Does Google use PyTorch? ›ML practitioners using PyTorch tell us that it can be challenging to advance their ML project past experimentation. This is why Google Cloud has built integrations with PyTorch that make it easier to train, deploy, and orchestrate models in production.
What GPU requirements for TensorFlow? ›- NVIDIA® GPU card with CUDA® architectures 3.5, 5.0, 6.0, 7.0, 7.5, 8.0 and higher. ...
- For GPUs with unsupported CUDA® architectures, or to avoid JIT compilation from PTX, or to use different versions of the NVIDIA® libraries, see the Linux build from source guide.
TensorFlow supports running computations on a variety of types of devices, including CPU and GPU.
What version of Python does TensorFlow 2.0 use? ›TensorFlow is tested and supported on the following 64-bit systems: Python 3.8–3.11. Ubuntu 16.04 or later. Windows 7 or later (with C++ redistributable)
Is TensorFlow faster on CPU or GPU? ›They noticed that the performance of TensorFlow depends significantly on the CPU for a small-size dataset. Also, they found it is more important to use a graphic processing unit (GPU) when training a large-size dataset.
How much faster is GPU than CPU for deep learning? ›GPU vs CPU Performance in Deep Learning Models
Generally speaking, GPUs are 3X faster than CPUs.

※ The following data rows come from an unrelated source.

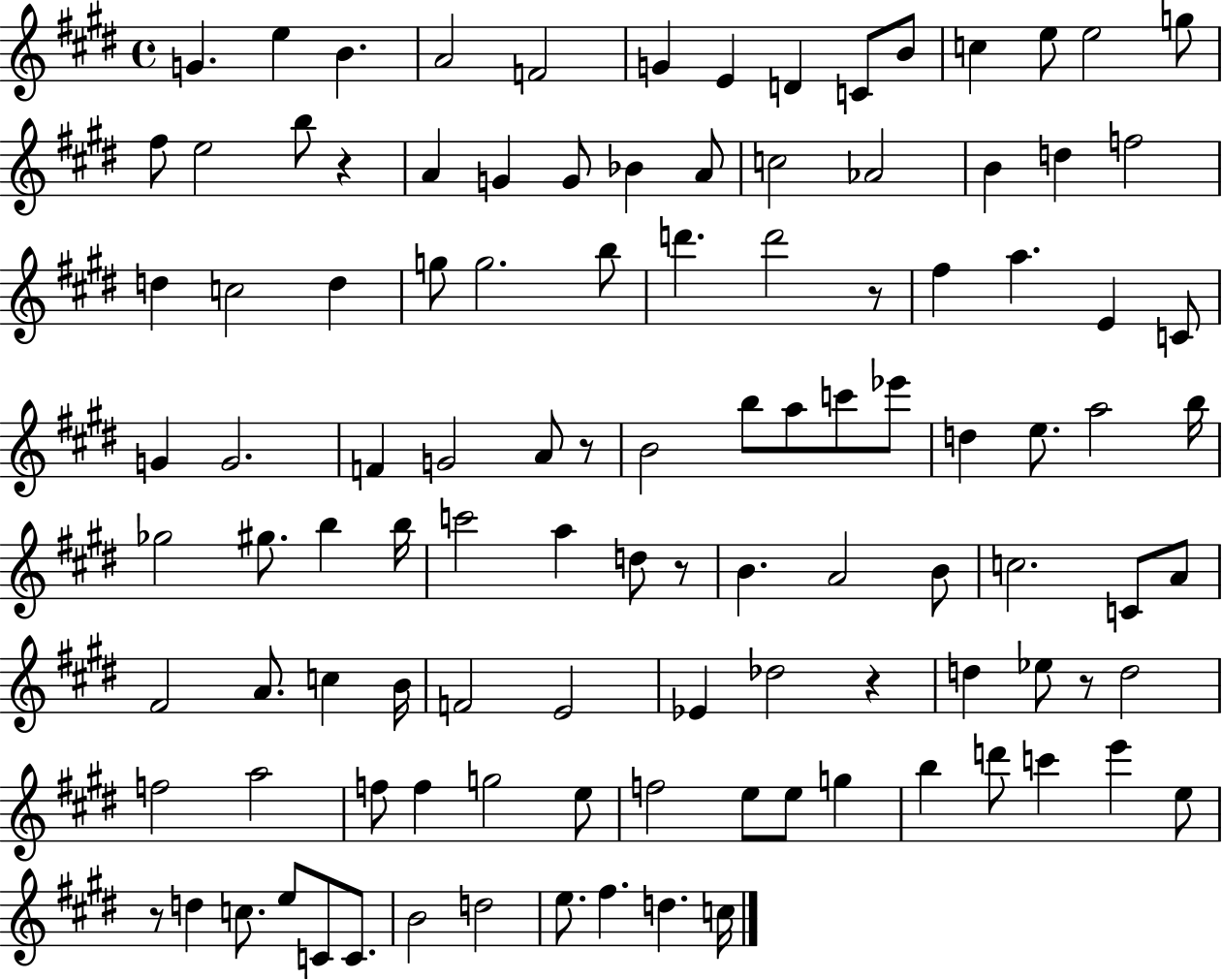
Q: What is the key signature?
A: E major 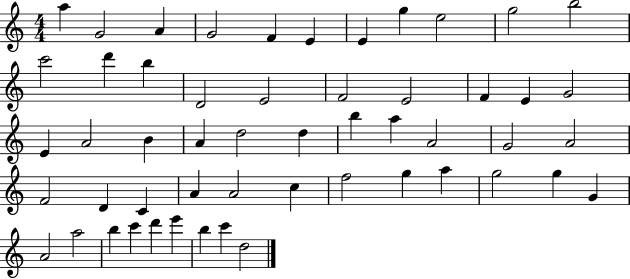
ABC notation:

X:1
T:Untitled
M:4/4
L:1/4
K:C
a G2 A G2 F E E g e2 g2 b2 c'2 d' b D2 E2 F2 E2 F E G2 E A2 B A d2 d b a A2 G2 A2 F2 D C A A2 c f2 g a g2 g G A2 a2 b c' d' e' b c' d2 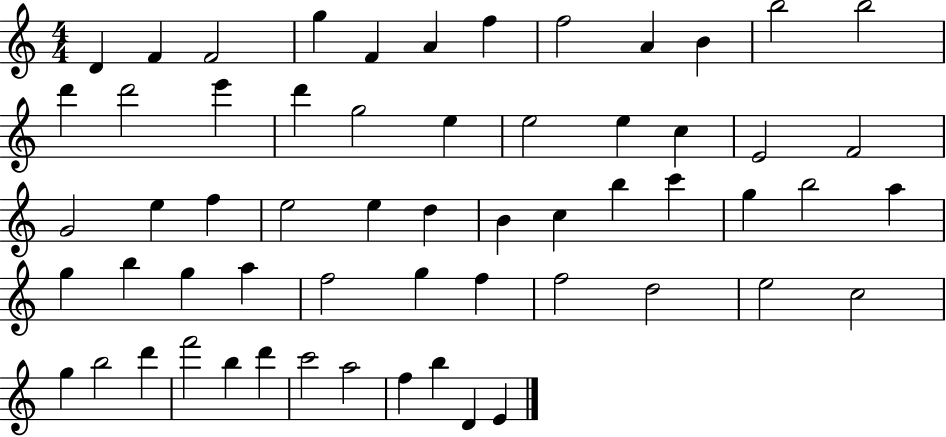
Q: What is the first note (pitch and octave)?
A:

Do you need Nvidia card for TensorFlow? ›
You can use AMD GPUs for machine/deep learning, but at the time of writing Nvidia's GPUs have much higher compatibility, and are just generally better integrated into tools like TensorFlow and PyTorch.
How do I install TensorFlow 2.0 in Python? ›- System requirements. Ubuntu 16.04 or higher (64-bit) ...
- Install Miniconda. Miniconda is the recommended approach for installing TensorFlow with GPU support. ...
- Create a conda environment. ...
- GPU setup. ...
- Install TensorFlow. ...
- Verify install. ...
- System requirements. ...
- Check Python version.
Tensorflow is used internally at Google to power all of its machine learning and AI.
How to install TensorFlow 2 with GPU? ›- Official Build From Source: The first step is to visit the official TensorFlow website to check out the latest version of TensorFlow that is currently available. ...
- Download Microsoft Visual Studio: ...
- Installing the CUDA toolkit: ...
- Installing CuDNN: ...
- Final command install:
- Activate hello-tf conda environment.
- Open Jupyter.
- Import tensorflow.
- Delete Notebook.
- Close Jupyter.
0 as a dependency, but is compatible with NumPy<1.19. 0. NumPy in versions >=1.19.